Pietermaritzburg - A Pietermaritzburg based advocacy group has called on central government to re-look the current welfare system, saying there needs to be a better mechanism to cushion poor households against rising food prices.
The Pietermaritzburg Economic Justice and Dignity Group warned that South Africa had reached a point of no return when it came to ensuring that poor households had access to nutritious food.
As South Africa joined the rest of the world in observing World Food Day on October 16, the advocacy group said the time had come for the government to avert a crisis.
"If we are ever going to be bold and politically courageous, the time is now. The socio-economic crisis in which people live is becoming worse every day. Millions of South African families are struggling to put food on the table. The line between hunger and anger is a thin one," said the Group's Mervyn Abrahams.
He added that re-thinking the welfare system as an economic stimulus could be a politically courageous act to stimulate a consumer-driven economic recovery; whilst allowing families to eat properly and begin to deal with the household affordability crisis.
Abrahams pointed out that most people buy food in the supermarket and in a cash-based economy access to food required money.
"The core pathway to get money – via a job – has become increasingly obstructed. 9.6 million South Africans are currently unemployed, of whom 8,6 million Black South Africans are currently unemployed," Abrahams said.
He warned that millions of South Africans were struggling to put food on the table and the consequences of such low levels of nutrition threatened to undermine the country's developmental outcomes.
"Poverty levels are now accelerating. Inequality is deepening.

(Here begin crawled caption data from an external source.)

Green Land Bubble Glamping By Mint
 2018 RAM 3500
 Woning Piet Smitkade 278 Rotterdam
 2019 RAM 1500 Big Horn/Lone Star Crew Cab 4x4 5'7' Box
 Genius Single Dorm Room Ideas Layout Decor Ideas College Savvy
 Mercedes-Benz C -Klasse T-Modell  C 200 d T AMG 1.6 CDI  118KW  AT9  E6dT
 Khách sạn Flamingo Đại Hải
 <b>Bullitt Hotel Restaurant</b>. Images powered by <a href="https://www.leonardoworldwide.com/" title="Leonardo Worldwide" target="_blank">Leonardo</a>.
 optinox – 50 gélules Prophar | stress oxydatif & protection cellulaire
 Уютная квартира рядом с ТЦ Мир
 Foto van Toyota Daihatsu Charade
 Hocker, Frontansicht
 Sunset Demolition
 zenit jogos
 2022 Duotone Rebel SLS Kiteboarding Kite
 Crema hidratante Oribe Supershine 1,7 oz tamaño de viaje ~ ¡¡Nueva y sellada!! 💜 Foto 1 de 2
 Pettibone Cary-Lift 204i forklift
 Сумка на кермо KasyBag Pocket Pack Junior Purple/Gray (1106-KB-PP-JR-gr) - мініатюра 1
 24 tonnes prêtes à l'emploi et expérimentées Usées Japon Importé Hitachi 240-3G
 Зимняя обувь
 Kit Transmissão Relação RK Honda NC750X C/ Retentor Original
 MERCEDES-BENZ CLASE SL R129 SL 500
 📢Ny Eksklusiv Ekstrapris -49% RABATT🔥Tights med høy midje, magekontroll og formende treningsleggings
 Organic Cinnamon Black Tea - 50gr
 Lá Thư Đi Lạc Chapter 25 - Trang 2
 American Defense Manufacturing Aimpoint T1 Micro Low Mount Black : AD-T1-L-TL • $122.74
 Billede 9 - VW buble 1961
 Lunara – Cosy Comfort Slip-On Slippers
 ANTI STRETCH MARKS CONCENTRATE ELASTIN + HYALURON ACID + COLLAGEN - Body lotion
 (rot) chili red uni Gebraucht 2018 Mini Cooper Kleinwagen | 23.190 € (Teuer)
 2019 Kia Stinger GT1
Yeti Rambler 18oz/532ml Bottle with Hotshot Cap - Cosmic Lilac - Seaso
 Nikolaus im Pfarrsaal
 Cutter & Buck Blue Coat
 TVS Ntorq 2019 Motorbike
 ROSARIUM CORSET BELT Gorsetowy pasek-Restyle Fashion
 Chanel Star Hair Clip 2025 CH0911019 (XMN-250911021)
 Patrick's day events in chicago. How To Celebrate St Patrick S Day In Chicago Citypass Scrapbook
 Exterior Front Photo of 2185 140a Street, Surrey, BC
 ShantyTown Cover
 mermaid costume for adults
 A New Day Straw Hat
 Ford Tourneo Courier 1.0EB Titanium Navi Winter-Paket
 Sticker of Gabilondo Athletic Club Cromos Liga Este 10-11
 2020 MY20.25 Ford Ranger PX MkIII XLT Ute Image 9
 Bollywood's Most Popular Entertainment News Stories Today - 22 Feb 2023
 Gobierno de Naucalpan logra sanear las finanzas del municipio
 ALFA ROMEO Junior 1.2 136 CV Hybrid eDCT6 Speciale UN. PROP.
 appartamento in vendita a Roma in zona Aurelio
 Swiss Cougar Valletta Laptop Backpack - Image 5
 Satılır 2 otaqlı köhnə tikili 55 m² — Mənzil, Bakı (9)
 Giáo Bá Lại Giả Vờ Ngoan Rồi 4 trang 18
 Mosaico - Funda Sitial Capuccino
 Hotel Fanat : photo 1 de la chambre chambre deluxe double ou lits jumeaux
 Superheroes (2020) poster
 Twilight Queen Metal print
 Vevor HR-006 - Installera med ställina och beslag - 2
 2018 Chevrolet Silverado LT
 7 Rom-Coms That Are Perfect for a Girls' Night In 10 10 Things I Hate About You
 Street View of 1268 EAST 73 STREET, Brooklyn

Millions of people will continue to struggle to put food on the table," he stressed.
According to the advocacy group, food is core to all the country's developmental outcomes whether social, health, education and economic, all depend on healthy bodies that rely on nutritious food.
"We need an intervention and we need it quickly if we are to avoid the dire consequences that such low levels of nutrition will bring by undermining everything we as a country wish to achieve," concluded Abrahams.